ECLI:NL:RBDHA:2021:9316
Rechtbank Den Haag
- Eerste aanleg - enkelvoudig
- Rechtspraak.nl
Afwijzing asielaanvraag en toetsing van medische zorgtoegankelijkheid in Guinee
In deze zaak heeft de Rechtbank Den Haag op 16 juni 2021 uitspraak gedaan in een asielprocedure waarbij de eiser, een Guinese nationaliteit, zijn aanvraag om uitstel van vertrek op grond van artikel 64 van de Vreemdelingenwet 2000 (Vw) had ingediend. De staatssecretaris van Justitie en Veiligheid, als verweerder, had de aanvraag afgewezen, wat leidde tot een beroepschrift van de eiser. De rechtbank ontving dit beroepschrift op 18 december 2020 en het onderzoek vond plaats op 30 april 2021 via een Skype-verbinding.

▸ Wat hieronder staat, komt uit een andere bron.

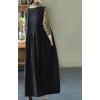 image:imagechouyatou Womens Fall Winter Sleeveless Corduroy Overall Dress Jumper Maxi Babydoll Tank Dress with PocketBlack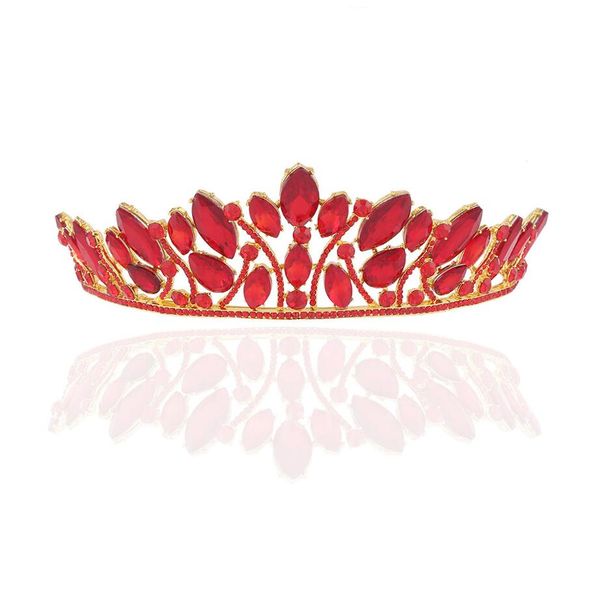 

handmade elegance crystal hair crown tiara red princess rhinestone hair ornaments hairband prom bride wedding accessories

De rechtbank oordeelde dat de eiser zijn identiteit en nationaliteit niet had aangetoond met originele documenten, wat een vereiste is volgens de Vreemdelingencirculaire 2000. De rechtbank verwees naar een eerder arrest van de Afdeling bestuursrechtspraak van de Raad van State, waarin werd gesteld dat het aan de vreemdeling is om aannemelijk te maken dat hij op grond van zijn gezondheidstoestand een reëel risico loopt op schending van artikel 3 van het EVRM. De rechtbank concludeerde dat de eiser niet had aangetoond dat de medische zorg in Guinee niet toegankelijk was, en dat verweerder niet verder hoefde te onderzoeken of de medische zorg feitelijk toegankelijk was.
De rechtbank verklaarde het beroep ongegrond en oordeelde dat er geen aanleiding was voor een proceskostenveroordeling of vergoeding van het griffierecht. De uitspraak werd gedaan door rechter Y. Moussaoui, in aanwezigheid van griffier R.C. Kroeze. Partijen hebben de mogelijkheid om binnen vier weken hoger beroep in te stellen bij de Afdeling bestuursrechtspraak van de Raad van State.